外国語を喋るときにあまり文法を気にするなとは良く言われることで、確かに文法を間違えるのが嫌で
無口になってしまうよりは間違いだらけでもガンガン話した方が良いとは思います。
でも地道に文法を押さえて、この表現はどうなんだろう?どうしてこういう言い方をするんだろう?と
じっくり考えてみるのもそれはそれで面白いし、遠回りに見えても決して損にはならない勉強法です。
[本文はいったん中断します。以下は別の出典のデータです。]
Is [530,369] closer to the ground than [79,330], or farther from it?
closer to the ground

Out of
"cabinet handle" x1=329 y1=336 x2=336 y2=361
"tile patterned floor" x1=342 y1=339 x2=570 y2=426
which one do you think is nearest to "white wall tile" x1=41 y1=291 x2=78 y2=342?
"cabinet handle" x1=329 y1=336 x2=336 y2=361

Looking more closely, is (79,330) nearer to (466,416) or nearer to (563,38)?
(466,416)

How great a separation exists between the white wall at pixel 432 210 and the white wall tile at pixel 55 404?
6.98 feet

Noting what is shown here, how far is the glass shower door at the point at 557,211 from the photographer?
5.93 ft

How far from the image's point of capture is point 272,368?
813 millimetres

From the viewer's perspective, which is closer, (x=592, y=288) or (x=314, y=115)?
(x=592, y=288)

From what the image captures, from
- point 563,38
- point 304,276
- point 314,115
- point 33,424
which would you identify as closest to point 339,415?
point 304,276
一通りドイツ語の文法や用法は覚えたけど、どーも身についた感じがしない…そんな伸び悩み中の
私にはとても良い刺激になりました。
まず作文例として挙げられる日本語例題について丁寧な文法上の解説がついていること、それに対し
ドイツ語の文法はこうだからこうなりますよ、とこれまた親切な説明がされているのが嬉しいです。
普段日本語を喋るときは文法なんて考えてませんが、こうして改めて見直すとやっぱり言葉って
奥が深いな…と思ってしまいます。
しかし!
それ以上に面白いのは一通り文法上の解説をした後で「でも本当はこんなことドイツ人は言わないよ、
だってさ…」という釈明部分。
例えば【彼が来る前から、外に出て待っていた。】という例文。これは現在完了形を使って云々…と
いう解説があったあとで、
なお、この問題文ですが、ドイツ人にとってはどういう状況を表しているか意味不明らしいです。
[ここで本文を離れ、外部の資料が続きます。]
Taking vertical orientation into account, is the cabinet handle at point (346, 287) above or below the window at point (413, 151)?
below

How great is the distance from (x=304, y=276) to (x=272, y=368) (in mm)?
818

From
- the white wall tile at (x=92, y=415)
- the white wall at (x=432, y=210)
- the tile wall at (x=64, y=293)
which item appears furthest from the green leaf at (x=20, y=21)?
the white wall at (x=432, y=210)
「外とはどこか?」「なぜ来る前から外で待たなければいけないのか?」と思うとのことです。
私は、彼氏が家に迎えにくることになっているが、待ちきれなくて家の外で待っていたという女心だ、
と説明したのですが、馬鹿馬鹿しいと一蹴されてしまいました。(P.45)
ええー全否定?
もう一例。【彼女は、小鳥のように高い声をしている。】という、比喩表現の例題について、
これによって何が言いたいのかドイツ人にはわからないとドイツ人学生に言われてしまいました。
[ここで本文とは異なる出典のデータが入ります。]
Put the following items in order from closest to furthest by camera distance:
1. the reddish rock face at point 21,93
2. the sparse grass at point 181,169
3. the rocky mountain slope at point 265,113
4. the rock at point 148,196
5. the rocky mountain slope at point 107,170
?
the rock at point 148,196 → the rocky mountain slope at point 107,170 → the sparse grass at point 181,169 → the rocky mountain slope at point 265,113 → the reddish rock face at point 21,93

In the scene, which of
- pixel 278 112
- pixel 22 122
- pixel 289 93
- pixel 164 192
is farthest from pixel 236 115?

(略)私は「(略)Vogelstimme(鳥の声)は美しいでしょ?」と言ったのです。そうすると彼らは
「ドイツでは高い声をしているのはeinduetig negativだ。鳥は歌うからpositivだけど、Vogelstimme
自体は別に美しいと思わない」と言うのです。(P.160)
うーんそう来るか。このあと学生たちがドイツ人としての感性で翻訳した文章がまたケッサクで
大笑いしました。ぜひ本書にあたってご確認を。
こんな風に小ネタ満載で読んでいて楽しいということの他に、感心したのは類語の違いをきちんと説明して
くれていること。例えば「とても美味しい」と表現する時にドイツ語では"sehr lecker"とも"köstlich"とも
言えるのですが、
ただしleckerはDieses Gericht sieht lecker aus.「この料理は美味しそうだ」のように、見た目にも使えますが、
köstlichは味にしか使いません。しかも、感動の意味が込められています。(P.155)
そうそう、こういう細かい情報が欲しいんですよ!辞書で単語の意味だけバサッと渡されても使い方が分からない、
これとこれ実際はどう違うのか教えて!という悩みにきちんと応えてくれているのが有難いです。
(もちろん例題の範囲内で、ですが)
この「日本語から考える!」シリーズは他の言語についても多数出ているので、多少文法かじった言語のものは
引き続き読んでみようかな、と考えています。久々に語学熱が再燃しそう。